Reese has never been more right about anything. Both he and Phil delighted in recalling the conversation in later years.

Jasner started at the Daily News in 1972. He briefly covered high schools, moved to colleges and Sixers home games, and then covered the Eagles for the first 2 years of Dick Vermeil's tenure. Then it was back to the colleges before taking over as the Sixers beat writer in 1981.

"When I hired him, I talked to some people I trusted and they all had good things to say about Phil," Hochman said. "The theme was 'hard worker.' I needed a utility man, someone who could cover the fringe sports. Little did I know I'd wind up with a guy who would eventually make five, count 'em, five halls of fame.

"Relentless is the way I remember his reporting style back in those days, ever on the prowl for human interest stories. We had a soccer team back then, the Atoms. Half the team spoke no English, but that didn't stop Phil. They won a title and one of the star players wanted to celebrate with champagne. So he bought a bunch of long-necked, gilt-wrapped bottles in a drugstore, thinking they were champagne. Turned out he'd bought shampoo. Phil wrote a memorable story about it."

But it was basketball that became Jasner's professional passion. He loved the game and he loved the people. In an era when few newspaper writers work professional sports beats very far into their 50s - so wearing is the travel and the long nights and the sheer volume of words that must be typed - Phil retained his enthusiasm for the work for as long as his body would allow. He received a lifetime achievement award from the Professional Basketball Writers Association in 2001.

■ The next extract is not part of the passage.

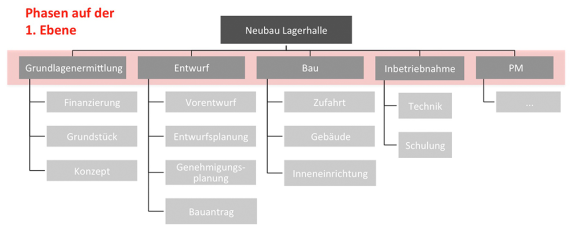 Projektstrukturplanung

Near the end of his life, he found another measure of personal happiness when he was introduced to Levinson after the death of his wife.

She said, "He walked in the door with that crazy curly hair - it was just like mine. The first time we went out, it was to the movies. I said, 'Phil, do people know you? Do people recognize you?' He said nobody did. Well, I think Allen Iverson was being traded around then, and about four people came up to him. One of them said, 'Excuse me, but can you tell me what's going on with Iverson?' I said, 'So nobody knows you, huh?' "

She laughed. Undoubtedly, Jasner talked to everyone who stopped him. He was like that until his final days.

"This was typical Phil," McLoone said. "On his last stay at the hospital, a nurse and Phil start talking. She said her father played college basketball for Textile, but Phil wouldn't know him because it was in the '70s. When she mentioned his name, Phil told her precise details of things her father had done on the court as a key reserve. She called her father, and he said Phil was exactly right."

Funeral arrangements are incomplete. *

Daily News sports writer Bob Cooney contributed to this report.